Gluon: access layer weights


#1

I’m trying to get access to the layer weights in Gluon API after loading a symbolic block with mx.gluon.nn.SymbolBlock().
I’m initializing the weights from a pretrained network and add fully connected layers using
net_params = net.collect_params() net_params.initialize(mx.init.Uniform(scale=0.1), ctx=mx.gpu(0) for param in arg_params: if param in net_params: net_params[param]._load_init(dp.arg_params[param], ctx=mx.gpu(0)) for param in aux_params: if param in net_params: net_params[param]._load_init(dp.aux_params[param], ctx=mx.gpu(0))

Now I want to check if the network is indeed learning but when accessing the weights while training (outside or within autograd.record()) either through
trainer._params[index].data() where index is just the desired layer or net_params['fc8_weight'].data() these weights do not change!

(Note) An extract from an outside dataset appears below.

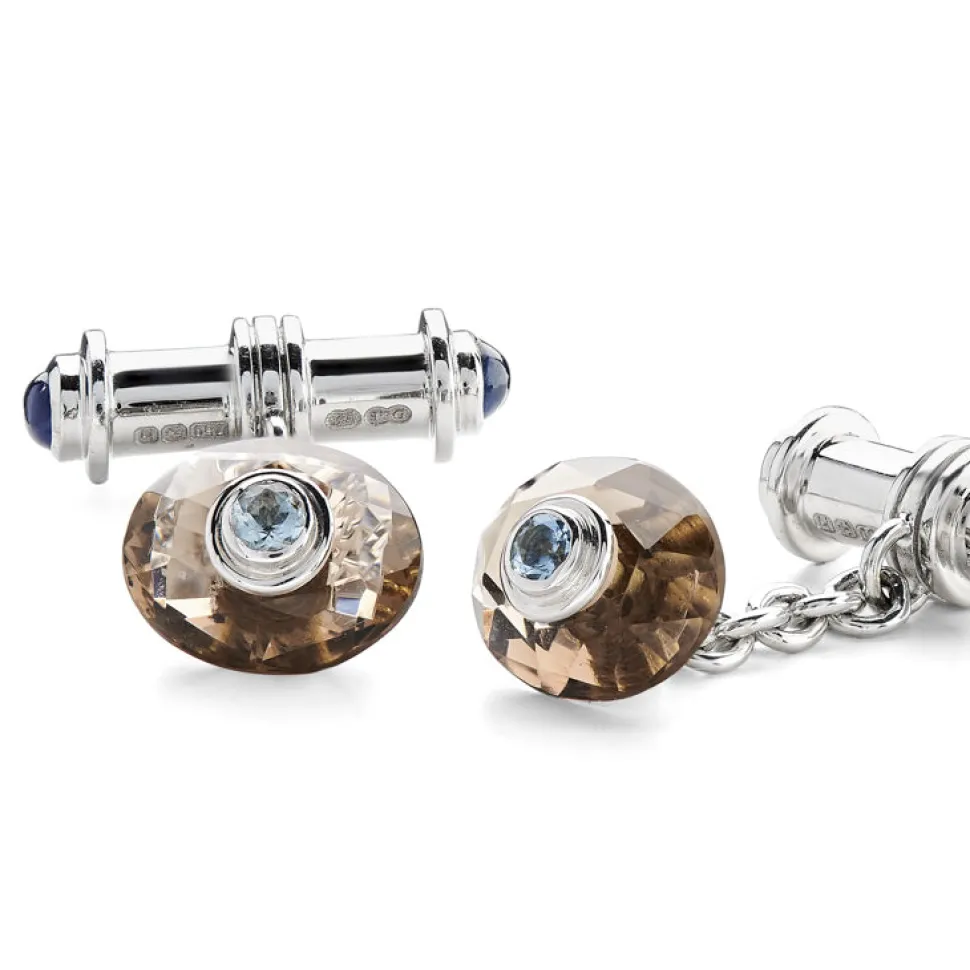 18ct White Gold Smokey Quartz And Aquamarine Cufflinks With Sapphire D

The networks output (using the same samples) is indeed outputting different values for
output = net(batch.data[0]),
so it must be learning.
But why do the weights not change when accessed through the mentioned methods?


#2

Hi @simomaur,

I just tried this out and my weights do change. I’m working with a LeNet model for MNIST classification on a single GPU to create a simple case for us to test this out. I’m also using MXNet version 1.2.0.

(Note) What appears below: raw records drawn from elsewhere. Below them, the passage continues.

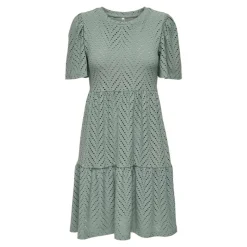 JDY Robe courtes manches courtes trapèze ajouré uni Femme VERT CLAIR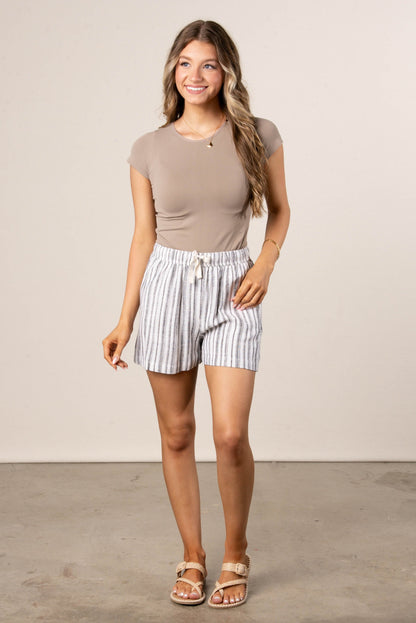 Linen Striped Drawstring Shorts *Final Sale*
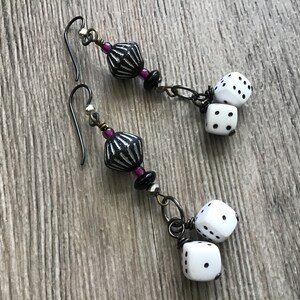 Whimsical Dice Dangle Earrings: Halloween Party Jewelry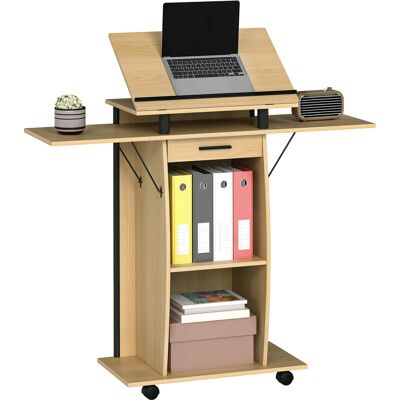 Homcom Podio con Ruote, Podio con Pannelli Laterali Pieghevoli, Tavolo per Laptop con Cassetto e Ripiani, Finitura Rovere Aosom Italy Homcom Podio con Ruote, Podio con Pannelli Laterali Pieghevoli, Tavolo per Laptop con Cassetto e Ripiani, Finitura Rovere Aosom Italy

My code first trains a HybridBlock model (the ‘pre-training’ stage), exports the weights and network architecture, loads it back in as a hybrid block and continues training (the ‘fine-tuning’ stage). In this final stage, I print out the weights of a specific layer (e.g. “hybridsequential0_dense1_weight”) before the fine-tuning and after and they are different. I train for a single epoch.

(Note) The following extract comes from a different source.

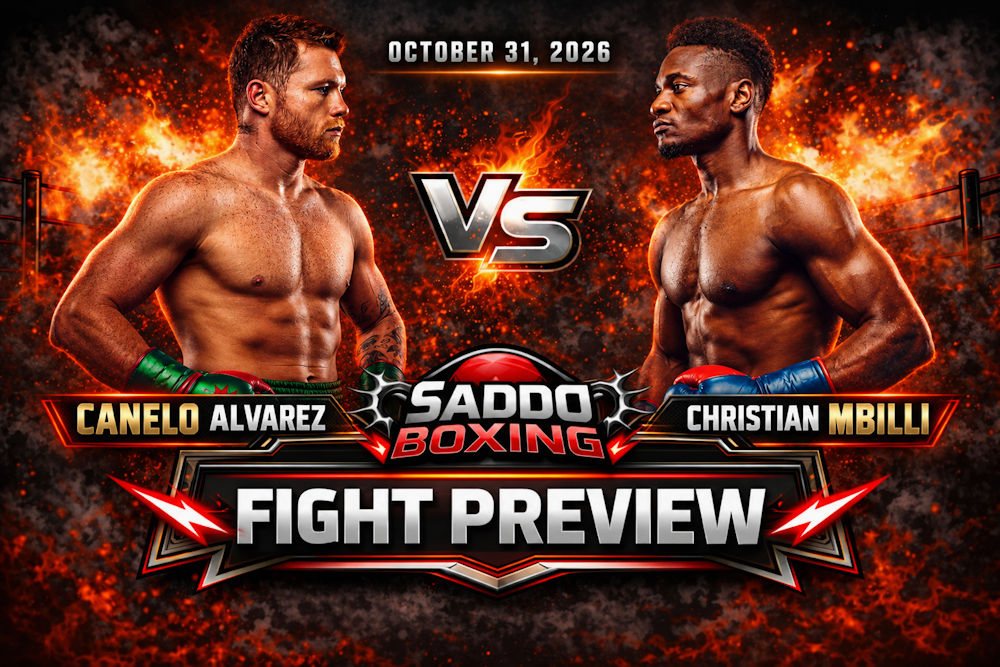 Saddo Boxing fight preview graphic showing Canelo Alvarez on the left and Christian Mbilli on the right, with the date October 31, 2026.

Would be interested to see how what we have is different, please let me know if you spot the difference. I notice you’re loading in parameters differently to me. I don’t separate the arg and aux params, so try changing this (assuming you’re not loading an ONNX model).

sym = mx.sym.load('lenet-symbol.json')
deserialized_net = gluon.nn.SymbolBlock(outputs=sym, inputs=mx.sym.var('data'))
deserialized_net.collect_params().load('lenet-0001.params', ctx=ctx)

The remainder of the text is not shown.